From here the counter-measures and counter-counter-measures get increasingly complicated. For each category of essays that a user wants to rate, such as Bush opinion pieces, you could require new users to enter their current opinion: either pro-Bush or anti-Bush. Then if they were asked to rate a pro-Bush essay, they would only be able to vote that the essay "changed their minds" by switching their registered opinion from "anti-Bush" to "pro-Bush". But Bush supporters could sign up initially as anti-Bush, just in the hopes of being part of a random focus group so they could cast their mind-changing vote for a Bush essay by changing their registration to "pro-Bush"! However, each user would only be able to do that once -- or do you allow users, after they've switched from anti-Bush to pro-Bush, to "reload" by spontaneously switching back to anti-Bush for no reason at all, so they're all set to cast a mind-changing vote for the next pro-Bush essay? Or would they only be allowed to switch back to anti-Bush, by casting a mind-changing vote as part of a random focus group for an anti-Bush essay -- thus giving a boost to an anti-Bush screed, as part of the price they pay for the next vote they cast for a pro-Bush piece? Then users could still game the system, by switching to "anti-Bush" when casting a vote for a very poorly written anti-Bush essay that they don't think anybody else will vote for anyway, and then switching back to "pro-Bush" only for the good essays that have a shot, hoping that their votes will coalesce around the decently-written pro-Bush essays and push them to the front page...

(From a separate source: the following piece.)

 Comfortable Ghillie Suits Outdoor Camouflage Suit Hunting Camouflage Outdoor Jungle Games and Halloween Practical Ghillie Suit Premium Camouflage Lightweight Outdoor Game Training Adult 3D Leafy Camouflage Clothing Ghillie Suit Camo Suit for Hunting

Am I over-thinking this? I submit this is an area where there's been too much under-thinking. Haven't we all been tempted to believe that the marketplace of ideas -- not to mention bands, blog posts, and business ventures -- efficiently sorts content to the place in the hierarchy of rewards that it deserves, without having any real evidence for this, except the circular definition of "quality" as being proportional to success? And the more people believe this, the more that marginalized voices will effectively be censored, even when they have something brilliant to contribute. We should at least think about ways that we could do better. Or else, prove logically that it can't be done (a logical proof can only approximate the real world, but it could show that such a pure meritocracy would be very improbable, or wouldn't work well). However I think the ideas above make it seem unlikely that a meritocracy is logically impossible. Maybe they're a step in the right direction. Maybe someone else's ideas would be better. The important thing is that a meritocratic algorithm be judged by something other than a circular definition, which simply decrees by fiat that the winning content is the best.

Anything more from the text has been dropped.